FIRST, this blog is the only means I have of communicating to the mystery gifter who leaves random gifts every now and then for Pam and me. Thanks for the gift for Pam this past weekend and don’t worry there aren’t any “rules” concerning the offering box (other than “don’t steal anything from the box” but I figure you won’t do that anyhow). In my previous blog post I was just expressing my own awkwardness. Anyhow thanks for the gift for my wife. It means a lot to me when people recognize how amazing she is.

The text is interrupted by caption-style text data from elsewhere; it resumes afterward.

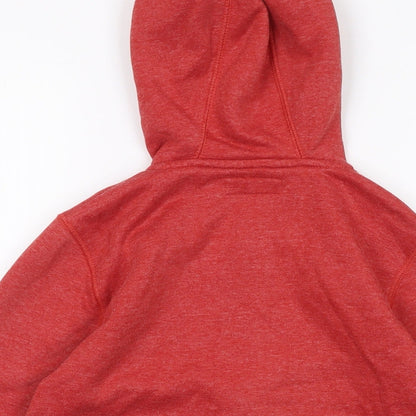 Niek Boys Red Cotton Full Zip Hoodie Size 9 Years Zip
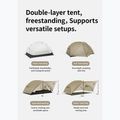 Trekingový stan pre 2 osoby Naturehike Mongar UL 2 15D moon rock gray 2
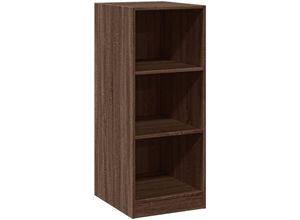 8721012497368 - Vidaxl - Kleiderschrank Braun Eichen-Optik 48x41x102 cm Holzwerkstoff Braun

SECOND, today was the beginning of the supplemental antler-less gun deer season here in Central Wisconsin. Since I didn’t shoot a deer during the regular season I will be spending a little time (when I have it available) in the woods over the next four days. Of course, this naturally means that I will be reading, since that is what I do when I deer hunt. Today’s adventure in bad deer hunting was sponsored by Judith Couchman’s “The Mystery of the Cross: Bringing Ancient Christian Images to Life“
Thanks to Andy Lickel I started duck hunting about 6 seasons ago. This season was my worst duck hunting season. I went out 5 times, shot my shotgun 5 times, and killed & found 1 duck. Most of it is my fault, some of it wasn’t. For example the photo above show the ducks I saw this morning. I took a bad shot at two of them as they flew over and then tracked them down to the other side of the island a little while later only to watch and not be able to shoot them, and two others, because they stayed in between me and our vehicles. The bad shot was my fault. The constant positioning between me and our vehicles wasn’t my fault.
Anyhow here are a few thoughts from my worst season of duck hunting thus far in my life.

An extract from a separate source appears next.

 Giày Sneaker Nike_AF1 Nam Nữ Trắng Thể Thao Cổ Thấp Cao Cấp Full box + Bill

You can’t shoot ducks if you aren’t out on the water. Yes the times that I went out weren’t the best duck hunting days, but I at least stood a chance of getting a duck when I was out with my gun and decoys. Pam can tell you that there were many nights that I said I was going to leave early in the morning to go duck hunting, only for her to discover me still in the bed in the morning. It is hard to shoot ducks when you don’t go duck hunting.
It is important to prepare. I should have shot skeet before the season began. It would have helped my shooting because while, as I have mentioned earlier, I only shot 5 times all but 1 of those shots stunk. I wasn’t swinging my shot or leading the birds and I knew I wasn’t doing either thing. The only shot where I knew I did it right was the shot where I killed my only bird of the season.

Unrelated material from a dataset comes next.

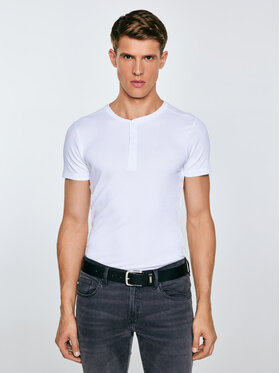 BIG STAR BIG STAR T-Shirt BASICAG Biały Slim Fit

Once you have prepared you need to trust your preparation. Two of the ducks in the photo above flew tree height above my initial position. They were going to turn around and come back to the decoys. I knew it and the others with me knew it but instead of trusting that I had set my decoys out properly and enticingly, I took a shot at them. It wasn’t an easy shot and I missed the bird I was going for. If only I had waited they would have come back around and I would have had a much better shot. I should have trusted my preparation.
Duck hunting isn’t usually about shooting ducks. Duck hunting, unlike deer hunting, is usually a social experience for me. I do go duck hunting by myself every now and then, but most of the time I go with people who I enjoy being around. This means that even when I don’t see any ducks it is still a win.
I am pretty sure that elements of the above 4 points are true in most things in life, but due to waking up very early the yesterday and today I am pretty tired now. So you will have to figure them out for yourself.